No one should feel that something is wrong with them if it takes them longer to reach that point. There is no better or worse, only different personality types and different progressions due to different pairings of personality types – and neither type is indicative of the quality of a marriage to come.
Once that point has been reached, it is imperative for the two single people to openly and honestly broach whatever significant concerns remain, in order to discern whether or not the shidduch still has potential.
Which leads us to our next question: At what point should one bow out from a shidduch which is not firing on all cylinders?
To borrow from the previous examples, in the cases of attraction or character traits, we could fill entire issues of the Yated with names of happily married couples where one person started off un-attracted to the other or was bothered by a character trait, and, as the dating continued, soon found themselves making a 180-degree turn. Within the scope of a healthy relationship, as connection increases, so can attraction, while bothersome traits often dissipate, or even become endearing.
However, at the same time, we cannot pretend that these aspects don’t matter, and there comes a point where one must say, “I see the many mailos of this person, but these issues do not seem to be changing.” Again, there is no exact number of dates as to when this should become clear. Rather, when one reasonably feels their concern isn’t likely to improve, despite giving it a fair shake, that is when a decision should be made.

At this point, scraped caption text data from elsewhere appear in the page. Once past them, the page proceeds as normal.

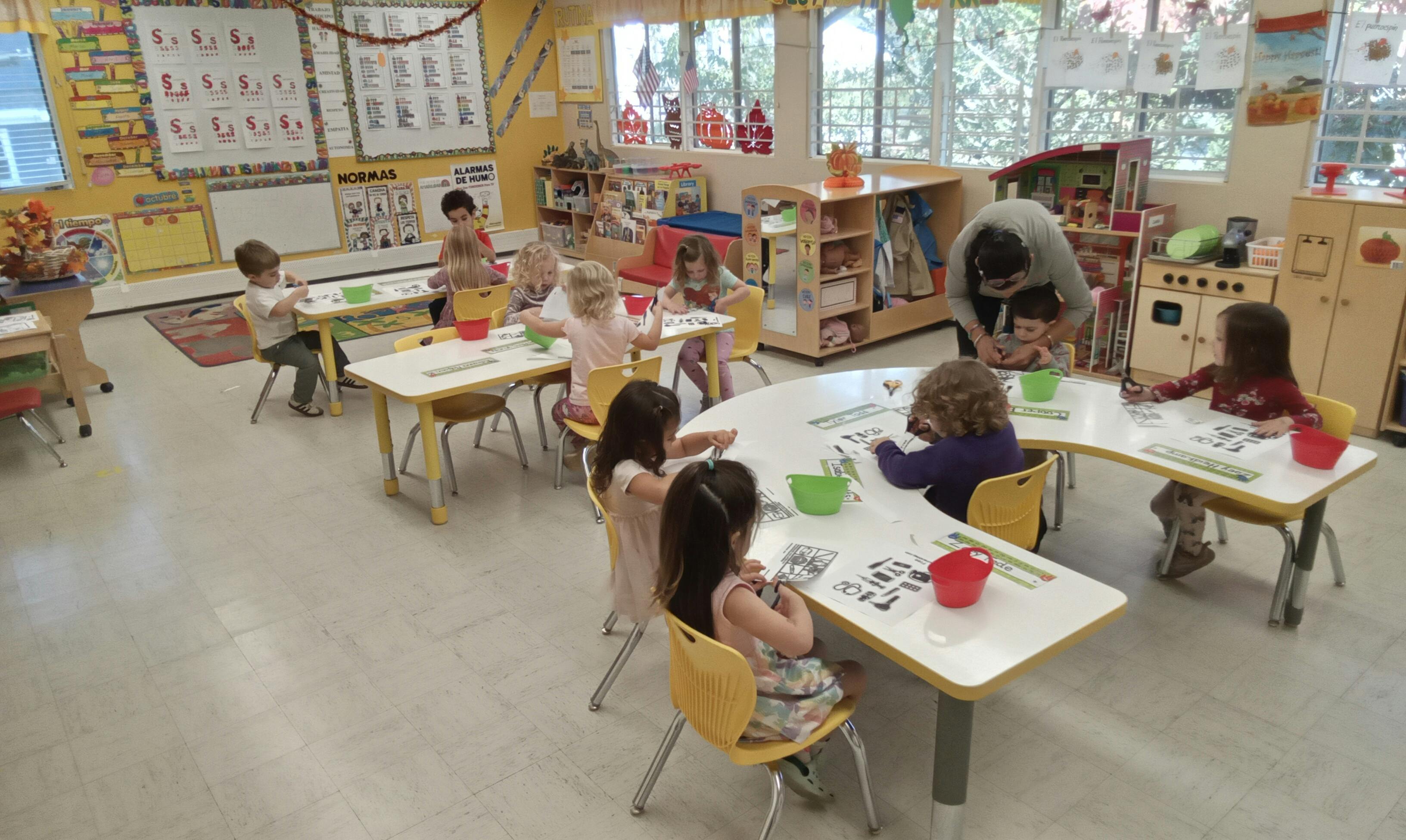 Children sitting at tables in a classroom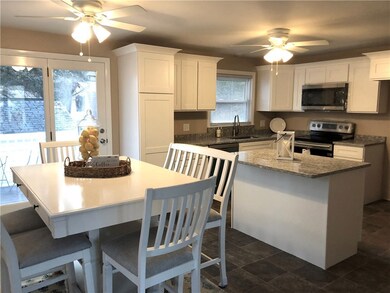 dining area of kitchen with french doors to deck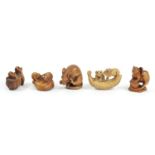 A Japanese wood netsuke of two mice on a mushroom, signed, 4cm and four other wooden netsuke of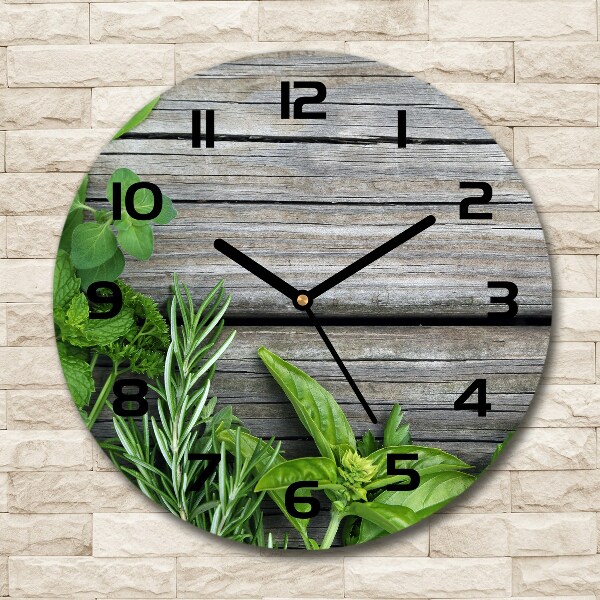 Round wall clock Wooden background herbs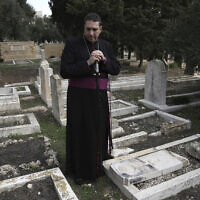 חוסאם נעום, בישוף אנגליקני פלסטיני, מבקר בבית קברות שהושחת בהר ציון בירושלים, 4 בינואר 2023 (צילום: AP Photo/ Mahmoud Illean)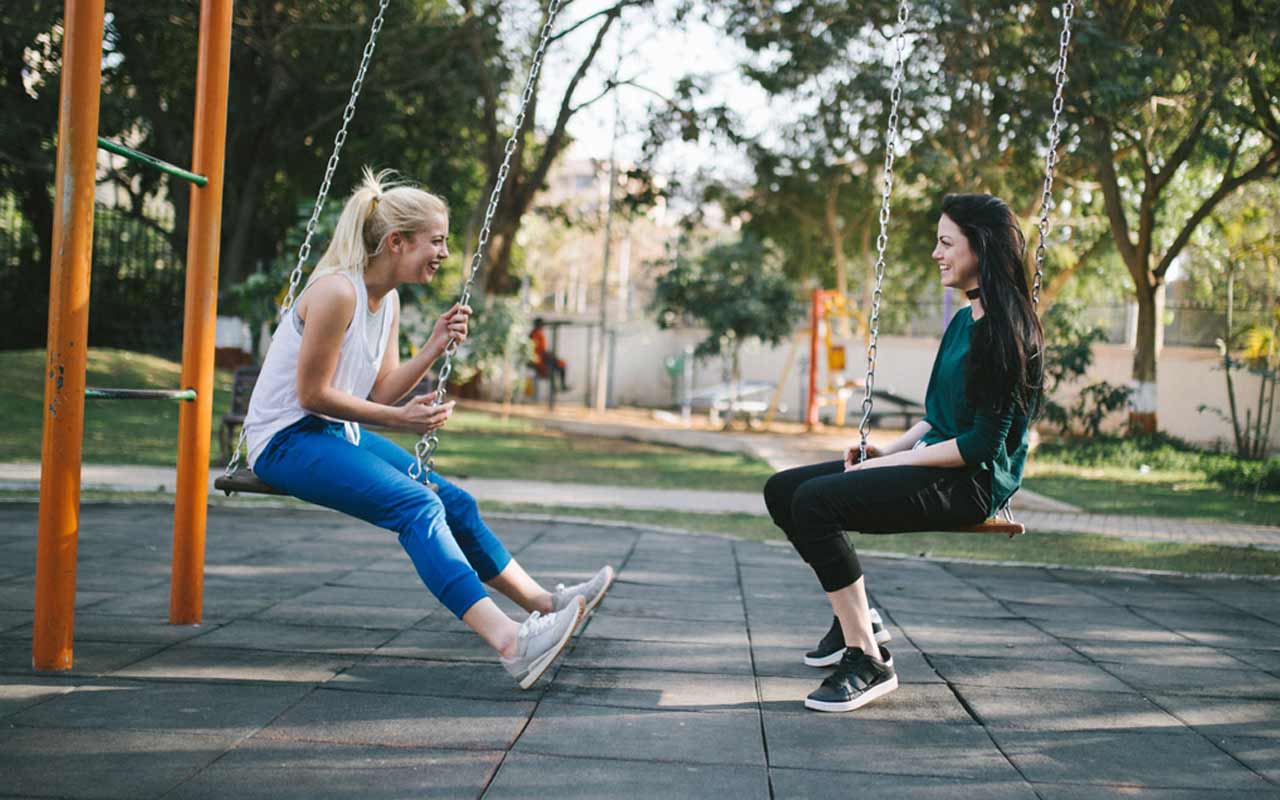 两个女人坐在摇摆外面在公园。说话是快速学习西班牙语的最佳方式之一。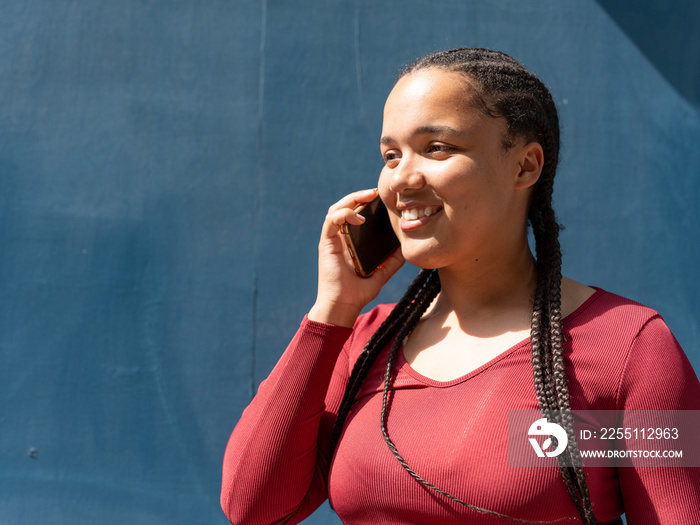 Portrait of young woman talking by phone against blue wall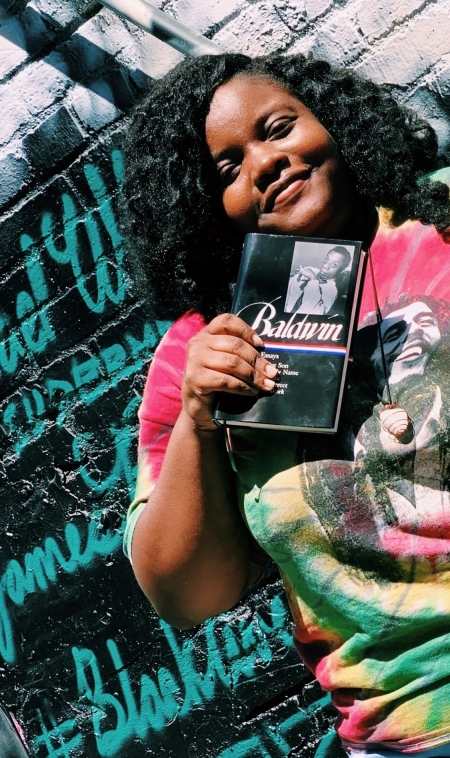 Woman holding book Collected Essays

As far as opposing expectations, hashkafos, or life goals, through discussion, one must discover if common ground can be reached, and if a happy, healthy home can be built, given the diverse approaches towards matters of real significance.

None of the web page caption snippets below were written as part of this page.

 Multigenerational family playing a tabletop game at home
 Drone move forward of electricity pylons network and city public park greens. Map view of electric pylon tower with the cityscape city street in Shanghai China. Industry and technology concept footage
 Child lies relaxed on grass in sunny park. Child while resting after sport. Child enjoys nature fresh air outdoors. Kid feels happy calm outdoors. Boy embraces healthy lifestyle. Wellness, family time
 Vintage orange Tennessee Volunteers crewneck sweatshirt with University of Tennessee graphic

Let us not fool ourselves into thinking that there exists a marriage where both husband and wife are in lockstep regarding every prat u’prat that carries weight. As Rav Wolbe ztz’l clearly states, the very definition of “shalom” is making peace, and growing, through hisnagdus. Shalom bayis doesn’t mean that conflict is non-existent – that is merely a reflection of two people who haven’t yet actualized keirvas hada’as v’hachaim. Shalom bayis is only achieved when conflict has been revealed, and the gap is then successfully bridged.
Bridging the gap does not mean saying to oneself, “I am not really ok with this, but I can live with it,” although there are times when that is necessary in a relationship. What it means is, each single respecting and appreciating the value of the other, and through being open to one another’s viewpoint, reaching a new and even higher conclusion, as a result of the value that each person brings to the table. That is what brings the Shechina into a home.

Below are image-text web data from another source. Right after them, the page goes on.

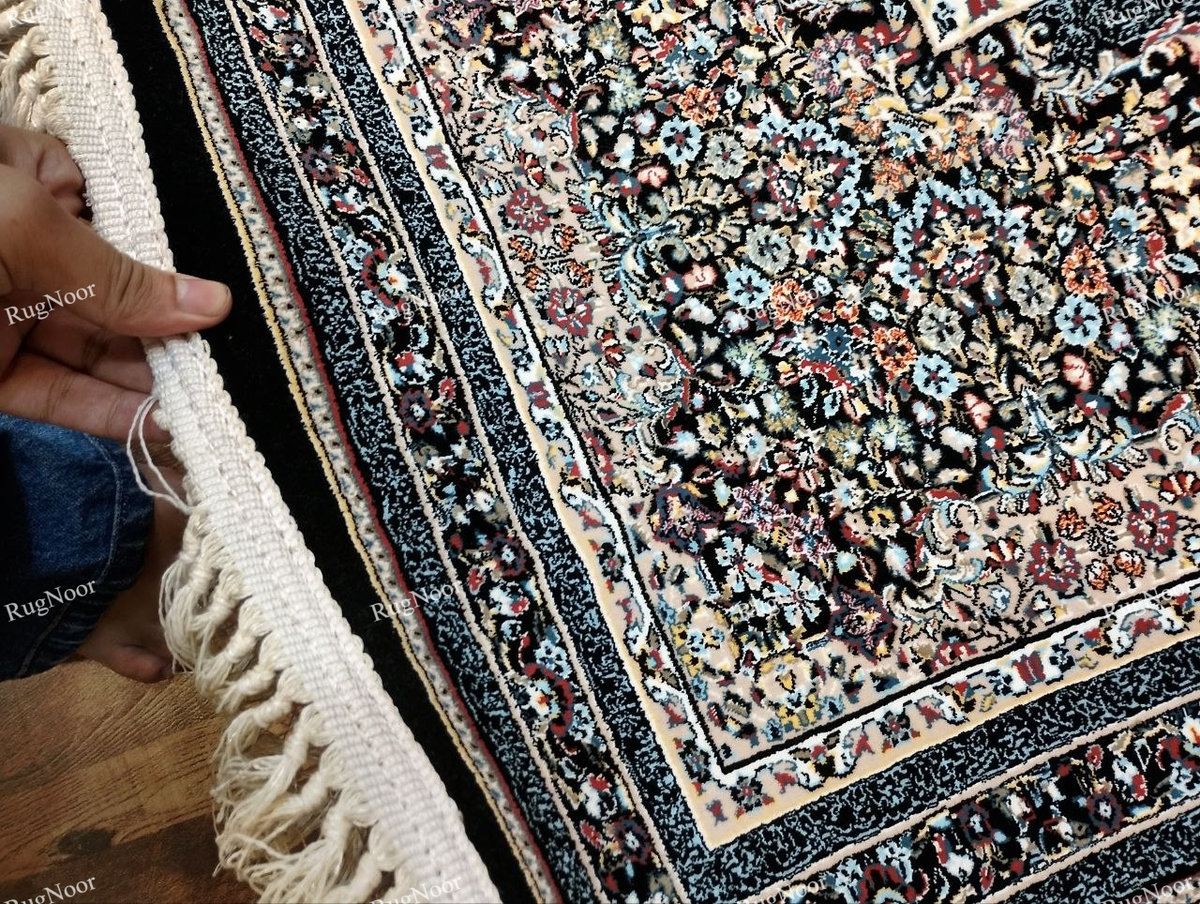 Detailed view of the Azrinah carpet's ivory and beige ground, dark outlined medallion motifs, and intricate decorative border.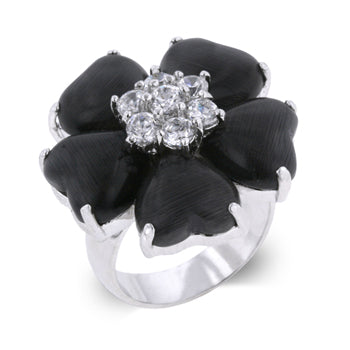 Clover-shaped ring with heart-shaped petals and a clear center stone in a white-toned finish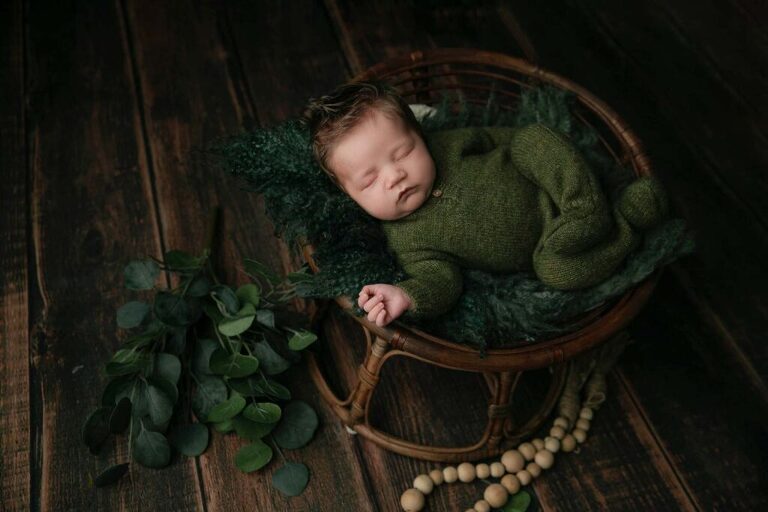 newborn baby wearing a dark green outfit with greenery 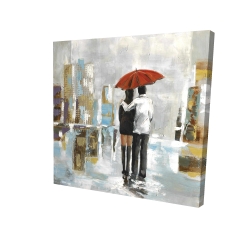 Couple walking under their umbrella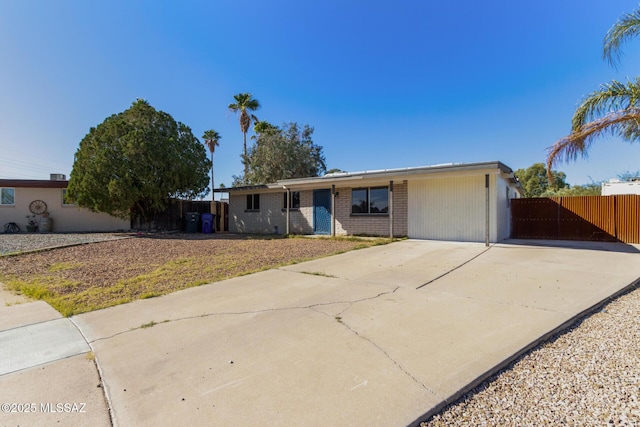 ranch-style house featuring a garage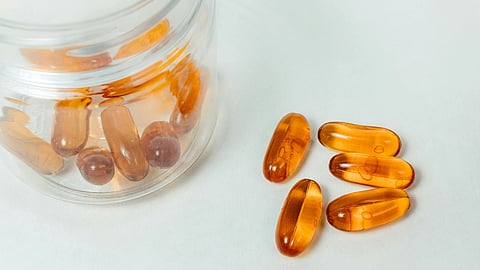 Clear jar with amber gel capsules slightly spilling onto a white surface.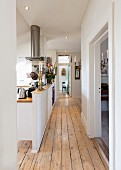 Flur mit Holzdielen und offener Küche hinter halbhoher Wand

The same is true of dating. One should not be looking for a shidduch where there is no disagreement. Rather, one should be searching for someone with whom disagreement can be had in a healthy fashion, to the attainment of mutual growth.
As such, it is only after getting teiff arein into the impediments that one can distinguish if they are impassible, or if they will form the bedrock of future growth.
Granted, it may take a fair number of dates to reach that conclusion, but that is the nature of finding a spouse. Dating is not meant to be inherently easy. It can be easy, hard, or somewhere in between. For some the hardship comes in the form of pain experienced as a result of not getting dates; for others, it is the frustration of lots of dates, but none that show a hint of potential; and, for yet others, it is the agmas nefesh of ambiguity when the potential of a shidduch is uncertain.
May The Melech Chai Olamim, d’migalyun Lei tamrin, lend tzachus hada’as to you, and to all those who find themselves unsure about a shidduch, and may the ensuing clarity lead to emesdikeh nachas and hatzlacha.